## Task instructions
The result should be the lines from the one holding "File:Frost Spectre Essence (150).jpg" to the final line of the records below, repeated exactly and with no pictures.

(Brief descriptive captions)
· · · ·
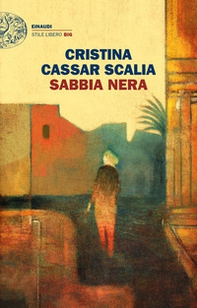 Sabbia nera - Librerie.coop Sabbia nera - Librerie.coop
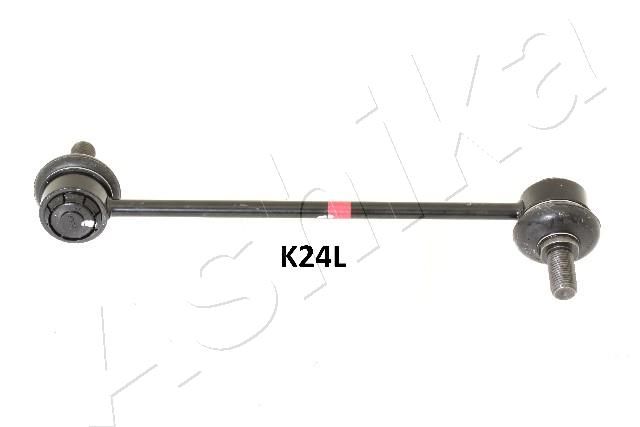 Stabilizátor, podvozek ASHIKA 106-0K-K24L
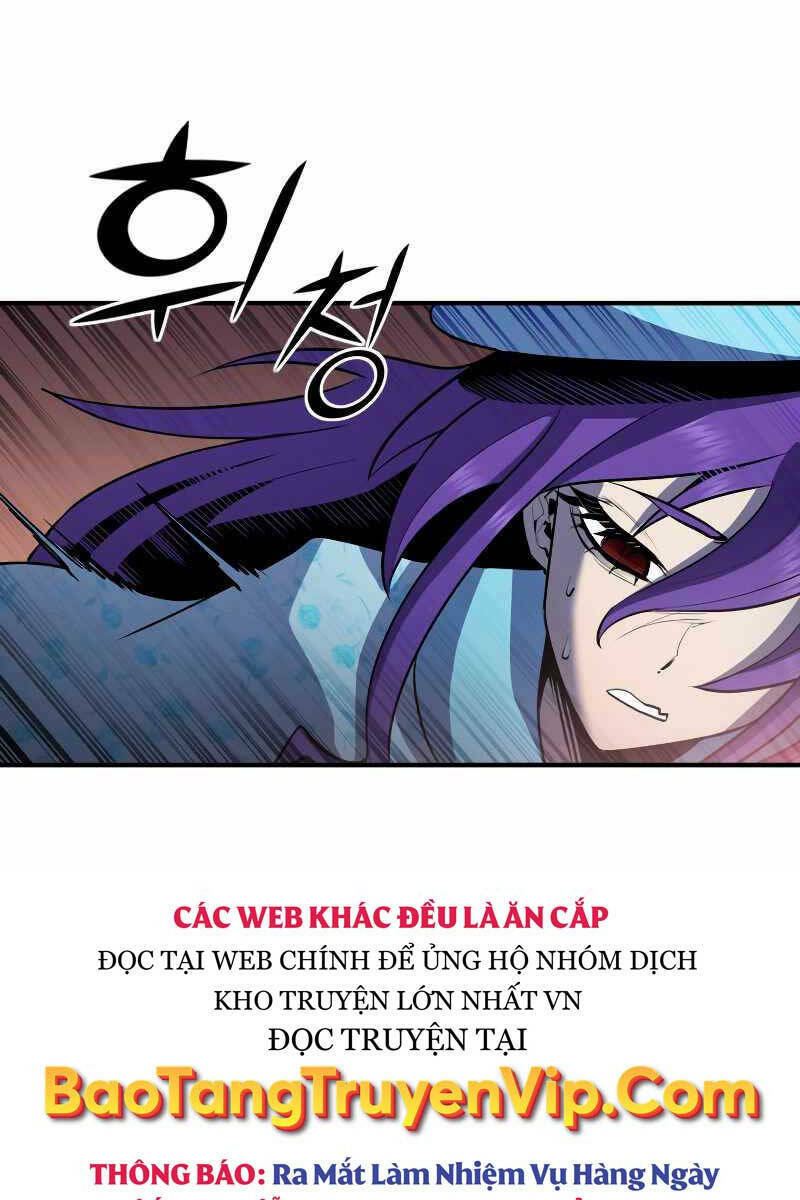 Bản Chất Của Chuyển Sinh Chapter 48 - Trang 2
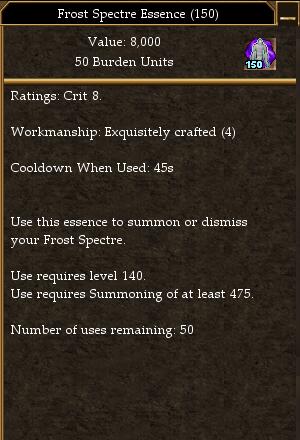 File:Frost Spectre Essence (150).jpg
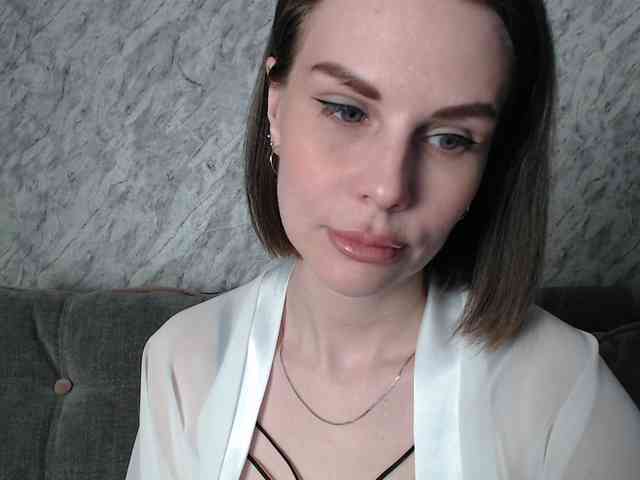 Nastya-29 webcam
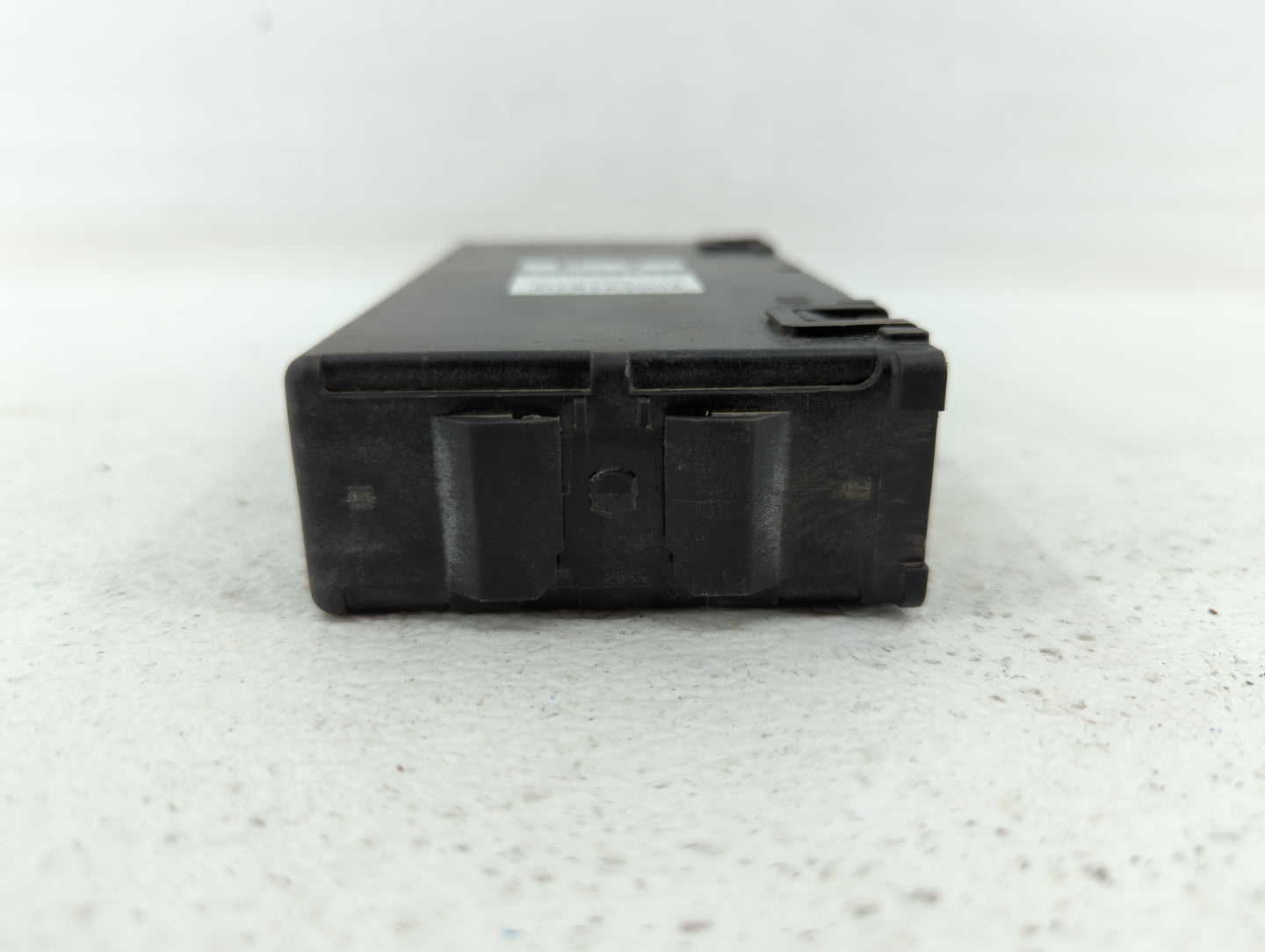 2013-2014 Subaru Legacy PCM Engine Control Computer ECU ECM PCU OEM P/N:22765AE04B 22765AE06E, 22765AE06A Fits Fits 2013 201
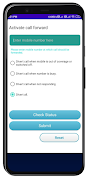 All Settings - Settings app screenshot 3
· · · ·
## Solution to this problem
 File:Frost Spectre Essence (150).jpg
 Nastya-29 webcam
 2013-2014 Subaru Legacy PCM Engine Control Computer ECU ECM PCU OEM P/N:22765AE04B 22765AE06E, 22765AE06A Fits Fits 2013 201
 All Settings - Settings app screenshot 3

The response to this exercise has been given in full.